First using computational imaging as an example application of optimisation, and more generally linear inverse problems, we consider variational regularisation. This is a classical mathematical model for image reconstruction, which has seen use in the machine learning regime as a ``more interpretable'' technique. We target three different components of the regulariser-based reconstruction pipeline. (i) We consider inference speed when using a predefined regulariser, and more generally, accelerating large-scale convex optimisation. Utilising machine learning in the mirror descent algorithm, we significantly accelerate convex optimisation in the presence of similar data, defined by optimisation objective functions. (ii) We then consider when the regularisation term is instead implicitly defined by its proximal map, given by a denoiser. In such a setting, we prove that it is additionally possible to define a second-order scheme with superlinear convergence to critical points. (iii) We finally consider explicitly learning a data-driven regulariser in the absence of ground-truth data, which presents a significant challenge when compared to typical machine learning models. Utilising a particular stochastic gradient approximator, we demonstrate that the gradients can be used to train small neural networks as well, and that there is only a small performance loss when compared to training in the presence of ground-truths. These algorithms are derived using methods from (i) convex analysis and optimisation, (ii) monotone operator theory and numerical analysis, (iii) stochastic optimisation and Markov chain theory.
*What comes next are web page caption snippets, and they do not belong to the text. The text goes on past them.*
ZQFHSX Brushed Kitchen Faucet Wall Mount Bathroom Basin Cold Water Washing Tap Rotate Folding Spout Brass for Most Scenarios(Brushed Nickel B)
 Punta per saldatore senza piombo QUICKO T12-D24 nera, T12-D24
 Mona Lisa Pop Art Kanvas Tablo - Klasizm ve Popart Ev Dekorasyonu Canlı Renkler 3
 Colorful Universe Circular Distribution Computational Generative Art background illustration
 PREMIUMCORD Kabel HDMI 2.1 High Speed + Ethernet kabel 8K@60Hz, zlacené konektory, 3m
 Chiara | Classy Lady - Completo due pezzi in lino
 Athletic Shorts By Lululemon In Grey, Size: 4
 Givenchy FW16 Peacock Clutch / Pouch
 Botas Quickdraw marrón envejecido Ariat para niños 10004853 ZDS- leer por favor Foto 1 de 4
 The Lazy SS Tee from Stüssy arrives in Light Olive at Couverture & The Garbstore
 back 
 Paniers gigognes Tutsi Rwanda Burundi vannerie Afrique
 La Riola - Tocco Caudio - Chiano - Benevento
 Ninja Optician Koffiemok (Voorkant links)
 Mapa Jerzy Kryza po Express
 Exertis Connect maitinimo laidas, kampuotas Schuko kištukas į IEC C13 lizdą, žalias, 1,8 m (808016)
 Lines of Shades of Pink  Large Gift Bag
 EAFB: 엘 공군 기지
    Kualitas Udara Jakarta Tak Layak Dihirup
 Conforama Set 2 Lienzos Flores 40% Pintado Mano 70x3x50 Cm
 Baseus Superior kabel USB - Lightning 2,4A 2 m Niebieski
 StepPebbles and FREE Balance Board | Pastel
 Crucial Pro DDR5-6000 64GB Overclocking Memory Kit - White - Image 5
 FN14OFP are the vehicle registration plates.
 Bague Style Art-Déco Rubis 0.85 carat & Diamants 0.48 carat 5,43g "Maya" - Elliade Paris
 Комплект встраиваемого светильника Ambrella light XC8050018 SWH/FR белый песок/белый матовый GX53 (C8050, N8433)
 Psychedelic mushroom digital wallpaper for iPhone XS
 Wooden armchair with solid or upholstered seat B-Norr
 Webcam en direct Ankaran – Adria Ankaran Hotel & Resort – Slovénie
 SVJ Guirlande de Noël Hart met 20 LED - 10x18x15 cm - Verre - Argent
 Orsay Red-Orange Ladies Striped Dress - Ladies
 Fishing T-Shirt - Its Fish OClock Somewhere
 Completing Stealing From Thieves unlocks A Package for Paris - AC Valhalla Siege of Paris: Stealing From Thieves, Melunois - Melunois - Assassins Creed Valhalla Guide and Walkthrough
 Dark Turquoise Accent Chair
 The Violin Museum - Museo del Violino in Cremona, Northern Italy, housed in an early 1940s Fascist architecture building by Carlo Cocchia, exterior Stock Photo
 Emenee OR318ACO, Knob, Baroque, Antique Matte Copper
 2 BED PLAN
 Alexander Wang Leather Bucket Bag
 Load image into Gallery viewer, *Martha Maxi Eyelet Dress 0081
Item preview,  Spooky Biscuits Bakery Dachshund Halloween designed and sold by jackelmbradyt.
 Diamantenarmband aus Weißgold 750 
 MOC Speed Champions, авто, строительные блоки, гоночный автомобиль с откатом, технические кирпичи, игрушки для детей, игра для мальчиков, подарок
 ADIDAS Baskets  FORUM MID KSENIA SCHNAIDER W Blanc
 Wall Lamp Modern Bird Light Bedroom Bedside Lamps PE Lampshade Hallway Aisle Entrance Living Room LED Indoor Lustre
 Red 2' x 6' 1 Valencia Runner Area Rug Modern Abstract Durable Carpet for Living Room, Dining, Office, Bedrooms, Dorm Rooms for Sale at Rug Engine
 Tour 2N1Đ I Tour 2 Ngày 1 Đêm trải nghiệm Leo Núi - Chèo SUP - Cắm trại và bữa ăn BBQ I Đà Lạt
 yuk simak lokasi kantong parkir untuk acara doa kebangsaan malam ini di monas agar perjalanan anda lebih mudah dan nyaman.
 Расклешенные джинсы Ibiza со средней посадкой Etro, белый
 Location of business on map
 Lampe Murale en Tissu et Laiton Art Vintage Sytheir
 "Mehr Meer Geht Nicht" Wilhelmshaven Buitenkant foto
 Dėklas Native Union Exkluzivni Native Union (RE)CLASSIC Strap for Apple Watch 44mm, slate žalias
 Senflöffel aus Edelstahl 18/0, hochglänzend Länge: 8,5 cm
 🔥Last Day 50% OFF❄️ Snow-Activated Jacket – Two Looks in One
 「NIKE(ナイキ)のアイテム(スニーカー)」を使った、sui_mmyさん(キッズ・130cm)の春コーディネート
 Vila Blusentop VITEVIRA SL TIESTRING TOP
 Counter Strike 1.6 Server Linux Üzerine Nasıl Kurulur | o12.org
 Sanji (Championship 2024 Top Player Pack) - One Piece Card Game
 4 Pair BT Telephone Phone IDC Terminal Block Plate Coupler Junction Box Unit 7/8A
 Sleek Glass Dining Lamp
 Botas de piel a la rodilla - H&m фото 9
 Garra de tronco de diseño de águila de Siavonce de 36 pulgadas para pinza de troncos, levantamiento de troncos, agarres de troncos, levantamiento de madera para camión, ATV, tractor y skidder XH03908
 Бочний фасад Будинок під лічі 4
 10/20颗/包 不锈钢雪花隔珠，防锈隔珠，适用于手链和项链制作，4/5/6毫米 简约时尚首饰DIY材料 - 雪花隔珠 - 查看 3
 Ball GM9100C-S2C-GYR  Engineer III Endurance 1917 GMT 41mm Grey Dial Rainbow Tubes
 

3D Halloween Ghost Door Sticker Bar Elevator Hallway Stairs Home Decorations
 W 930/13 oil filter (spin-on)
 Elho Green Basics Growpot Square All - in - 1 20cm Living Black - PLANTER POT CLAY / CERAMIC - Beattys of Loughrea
Changing to the stochastic setting, we additionally consider sampling, as sampling from a Gibbs distribution, and as a universal data preprocessing method for machine learning. (iv) We derive a principled score approximator using Wasserstein proximals of distributions, bypassing the requirement of choosing an appropriate kernel or learn a neural network approximation. This is then applied to derive a sampling algorithm that exhibits interesting structures, seemingly lying on level set contours of the underlying distribution. (v) Using the SDE backbone of current diffusion-based generative models, we utilise powerful pre-trained models as a surrogate to a distribution of image data. The diffusion structure is then used to derive a provably convergent dataset distillation technique, which finds a small training set that maximises performance after training. These algorithms are derived using techniques from Monte Carlo methods, Wasserstein metrics, optimal quantisation, and diffusion processes.